About Jodo Shinshu Buddhism

Jodo Shinshu, literally meaning True Pure Land Denomination was founded by Shinran Shonin. It is also often called Shin Buddhism.
The accepted date of the founding of the denomination is 15th April 1224, when the first draft of Shinran Shonins most important book Teaching, Practice, Faith, and Attainment (Kyogyoshinsho) was completed.

Shinran Shonin was born on 21st May 1173 (1st day of 4th month, 3rd year of Joan) in the village of Hino on the outskirts of Kyoto.
When he was four years old, he lost his father and at the age of nine his mother. Thus, orphaned at a young age he entered the priesthood at Mount Hiei, which was then the main center of Buddhist learning.

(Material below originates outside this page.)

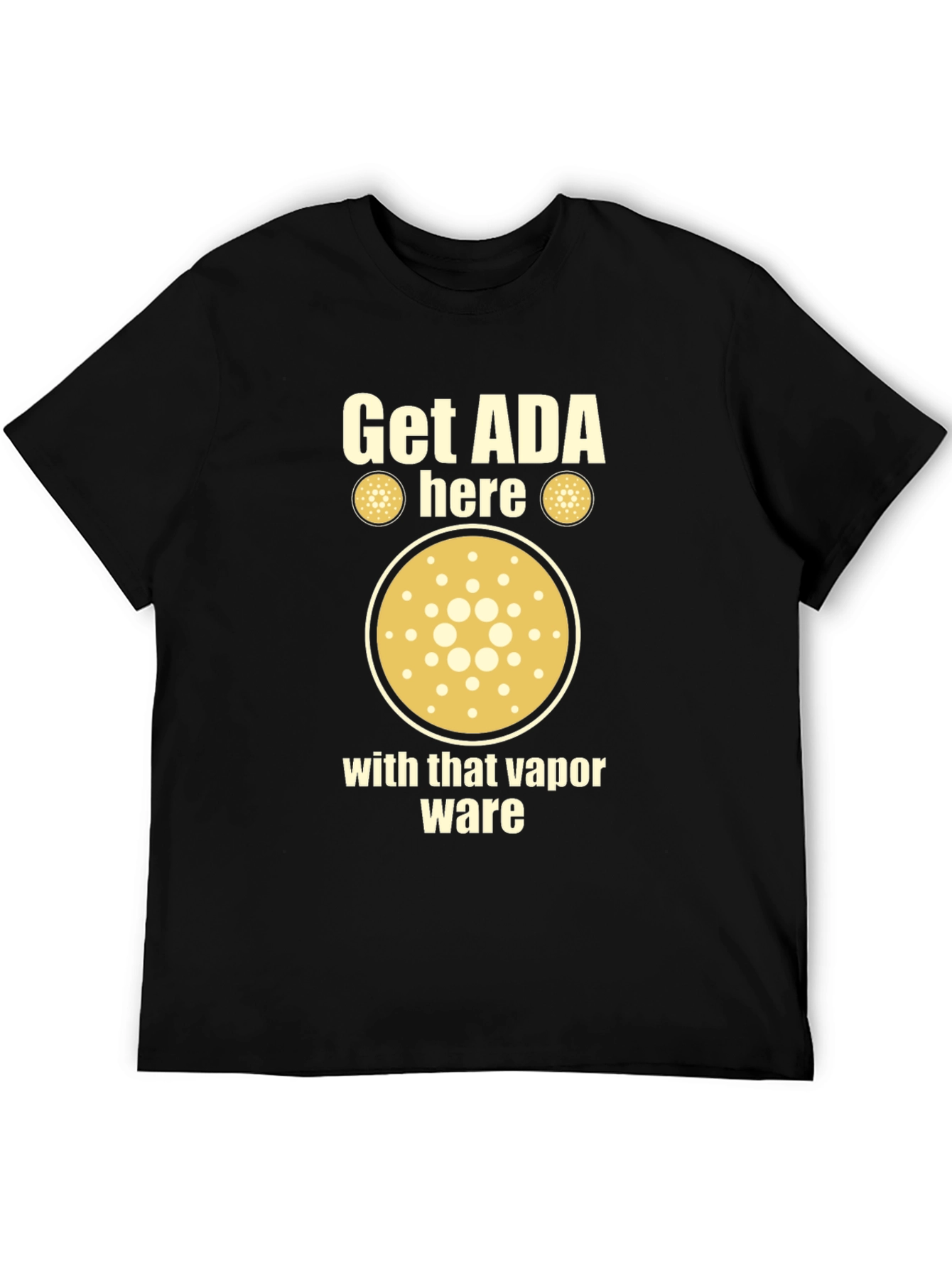 Get ADA Here Crypto T-Shirt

Here he was to stay for twenty years, practicing the most arduous of physical and mental disciplines. The principal teaching of the monasteries emphasized the purification of the self for the attainment of Enlightenment. Never did a young priest apply himself so wholeheartedly to all the disciplines. He soon became renowned for his scholarship and could have easily become head of one of the larger monasteries, but he was neither interested in position nor in the pursuit of knowledge. His main concern was Enlightenment. After two decades on Mt. Hiei, Shinran Shonin came to the sober realization that Enlightenment was impossible for the common man. The disciplines of Mt. Hiei made him acutely conscious of his own human weakness. His life was finite; his knowledge incomplete and his capacity for perfect goodness limited. Upon meditation he discovered that in all his activities the Three Poisons of greed, hatred and anger essentially motivated him.
In this state of mental anguish, Shinran Shonin renounced the life on Mt. Hiei. His descent form the mountain was the turning point in his religious pursuit. Shortly thereafter, he met a kindly priest, Honen shonin, who taught a single faith in Amida Buddha and the recitation of the Nembutsu as the very way of religious fulfillment. Honen shonin brought Shinran Shonin face-to-face with Amida Buddhas infinity Wisdom and Compassion. For the first time in his life Shinran Shonin found inner peace in the faith that Amida Buddha was primarily concerned with such as person as him. The Buddhist life he realized he could be lived by the man in the street without confinement to a monastery. The gate of lifes meaning was now open to all and thousands of people flocked to hear and accept the hopeful message of the Nembutsu.
The powerful monastic orders, however, feared a weakening of their long established tradition and prestige and convinced the Imperial Court to banish Honen shonin and Shinran Shonin, but the spiritual energy of the Nembutsu had been unleashed. The teaching soon gathered momentum as it spread from person to person and from village to village. Especially, during his years in exile, Shinran Shonin personally met with countless persons to awaken their faith in Amida Buddha.
Shinran Shonin finally settled in Inada and there completed the first draft of the Teaching, Practice, Faith and Attainment in 1224.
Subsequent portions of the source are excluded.